[Assigned task] Please restate word for word the lines of the entries below from the one with "BOTSI®-Advisor Hochstufung Packaging" to the one with "cumul des precipitations", inclusive, and leave out every picture.

[Dataset content]
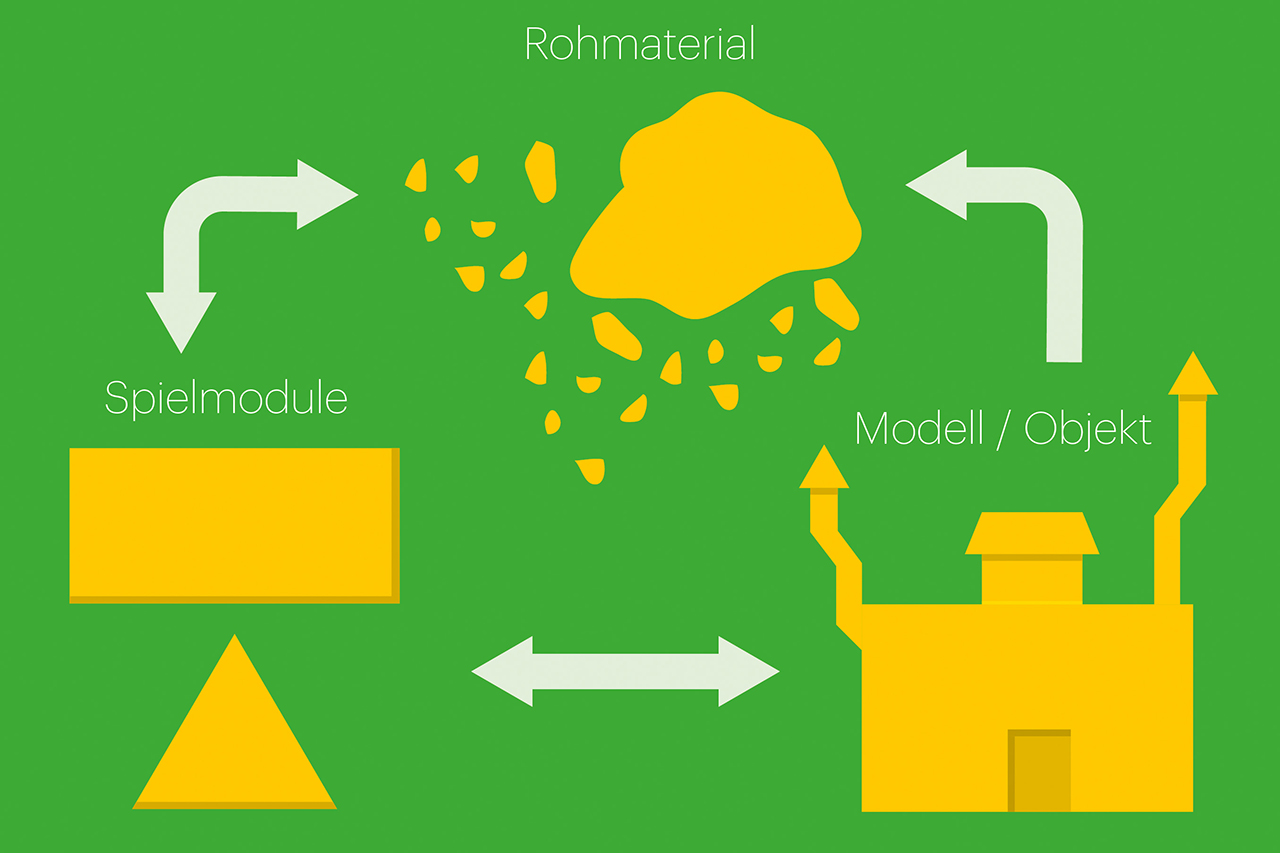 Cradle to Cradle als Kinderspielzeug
---
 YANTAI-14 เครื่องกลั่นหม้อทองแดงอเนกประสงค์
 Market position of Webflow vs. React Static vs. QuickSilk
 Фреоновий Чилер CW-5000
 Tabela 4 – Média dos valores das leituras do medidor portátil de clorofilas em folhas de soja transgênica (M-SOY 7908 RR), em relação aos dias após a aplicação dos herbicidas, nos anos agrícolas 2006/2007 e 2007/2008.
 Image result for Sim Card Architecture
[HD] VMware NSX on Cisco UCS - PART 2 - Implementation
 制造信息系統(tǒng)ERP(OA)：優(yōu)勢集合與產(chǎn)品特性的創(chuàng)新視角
---
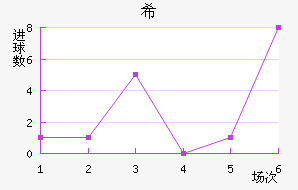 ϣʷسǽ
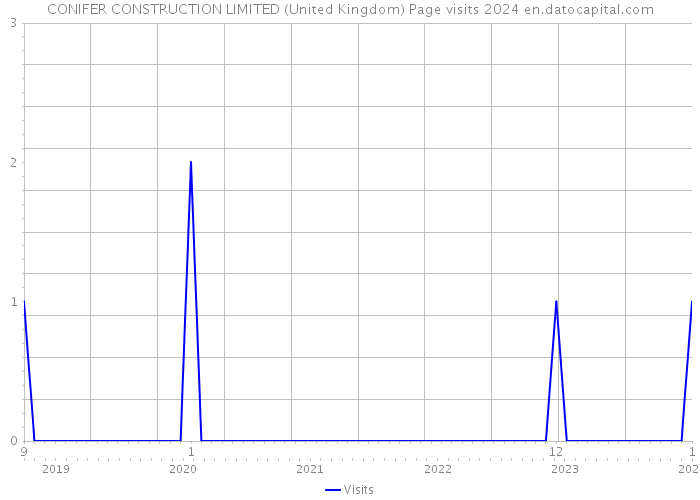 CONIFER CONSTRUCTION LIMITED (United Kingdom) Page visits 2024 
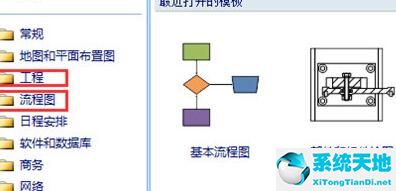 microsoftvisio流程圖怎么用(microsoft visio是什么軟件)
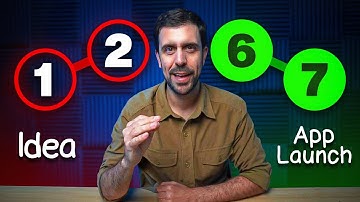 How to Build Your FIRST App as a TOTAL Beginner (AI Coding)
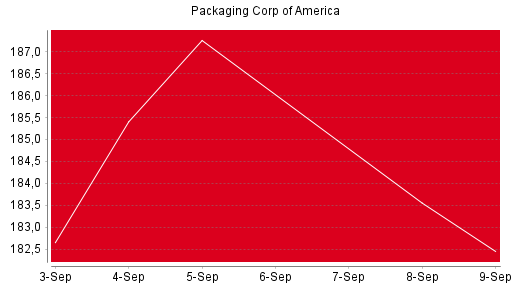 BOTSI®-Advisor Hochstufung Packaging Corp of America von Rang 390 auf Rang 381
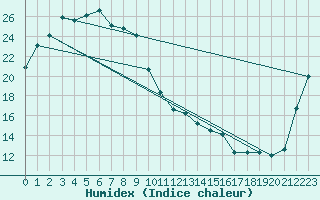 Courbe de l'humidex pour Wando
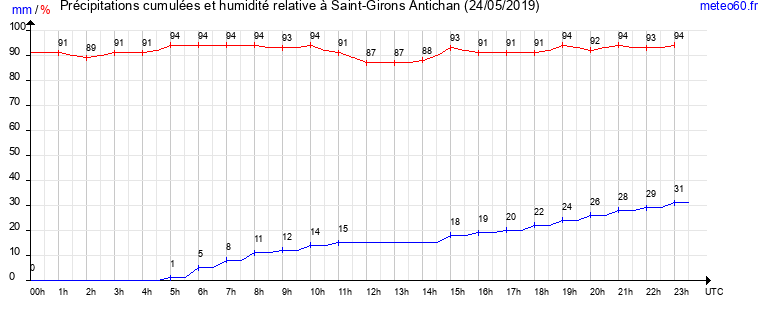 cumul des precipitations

[Your solution]
 BOTSI®-Advisor Hochstufung Packaging Corp of America von Rang 390 auf Rang 381
 Courbe de l'humidex pour Wando
 cumul des precipitations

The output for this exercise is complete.